A large brick broker and mortar throughout the city with the same franchise offers to take all agents in exactly the same contract terms: each agent pays $600 a month and retains 100% of their commission. Agents sigh in relief and quickly sign new contracts such as sheep for slaughter.

Because the broker can’t generate enough leads for the agents, and because the agents don’t sell enough to broker enough money to split the commission, any kind of split wouldn’t make sense for the broker today. A sharp broker will charge each agent a monthly fee. He laughs all the way to the bank, because with 60 agents paying $600 a month, he makes $36,000 a month just for life.

Three years ago I sat in front of a desk from a franchise broker who looked at me and said: “Well, we feed business every month. You have to do it when times are hard. But we’ve gone through difficult times and we’re always going well. I remember how I thought it was a stupid thing to say from a man who told me that there was no business plan, no budget for marketing and no written vision for the future of his company. Unfortunately, the same broker has just issued a press release that he is constantly closing the door of his bricks and mortar and will be hanging his license with other bricks and mortar.
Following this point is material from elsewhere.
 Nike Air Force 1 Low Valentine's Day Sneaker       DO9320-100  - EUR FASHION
Another consolidation.

This broker is only jumping from one sinking ship to a ship that has not yet sunk. The new ship has plenty of leaks, and the awakening of the people on the Titanic may take some time. Brick and harbour brokers, who stubbornly refuse to fill a gap in relation to the completely new business model, will die a slow and painful death. It’s one thing for brokers to ride their own ship down, but it’s another thing for those brokers to sell tickets to real estate agents with promises they can’t keep.
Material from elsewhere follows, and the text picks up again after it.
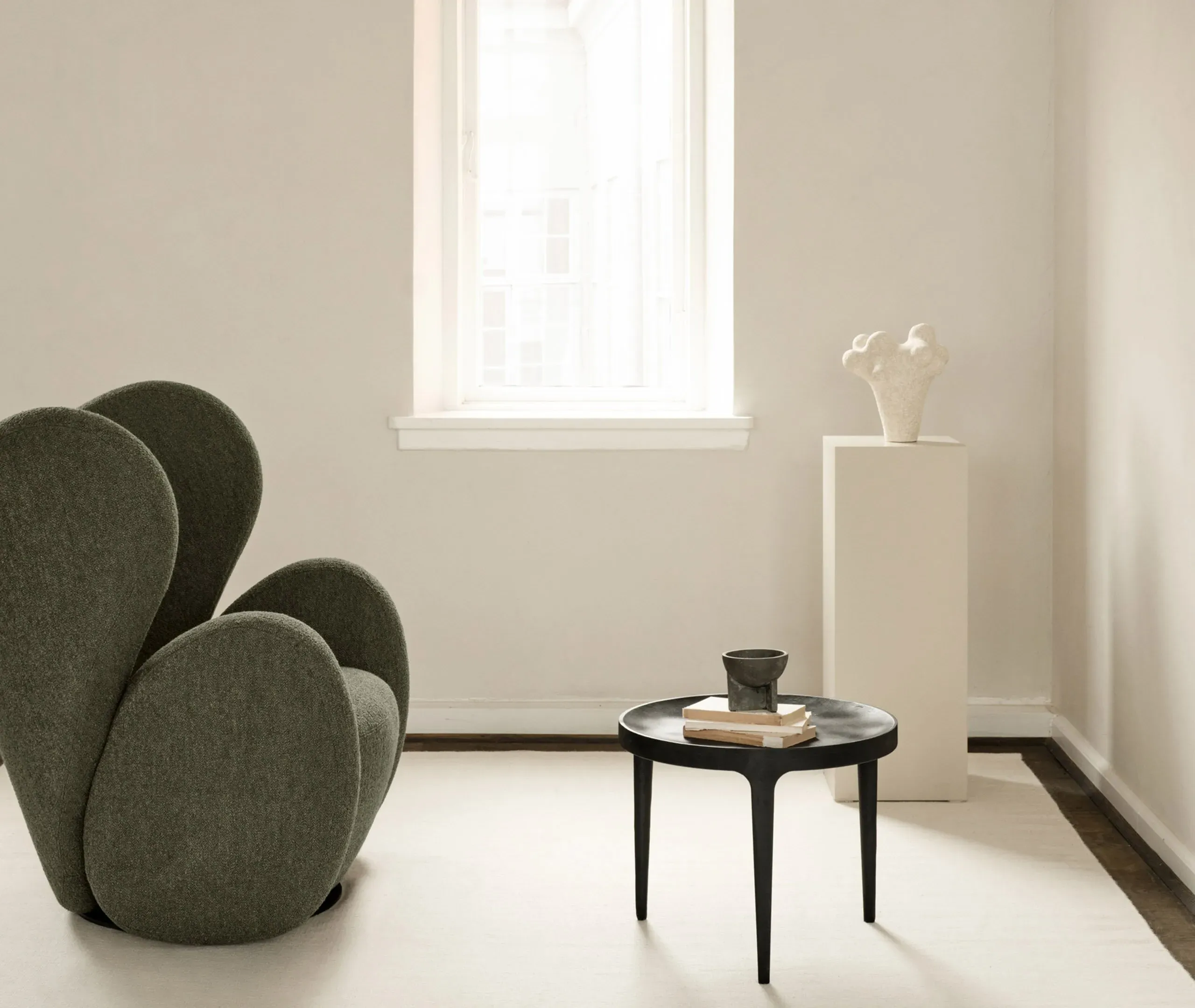 Oversized Swivel Chair with Deep Comfort - Grey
The most unfortunate thing about all this is that agents who think they are doing what they need to survive, are just rearranging the deckchairs on the Titanic. Many of them really do not know or understand how dangerous their fate is. Many of them have an unpleasant feeling, and they know that something is wrong with their business model. Like many passengers on the Titanic at the end, who smiled and constantly said, “Don’t worry, everything always works fine”, traditional agents still welcome people with a smile and are waiting for the phone to call. But the ship tilts and they are in danger. They just don’t know what to do.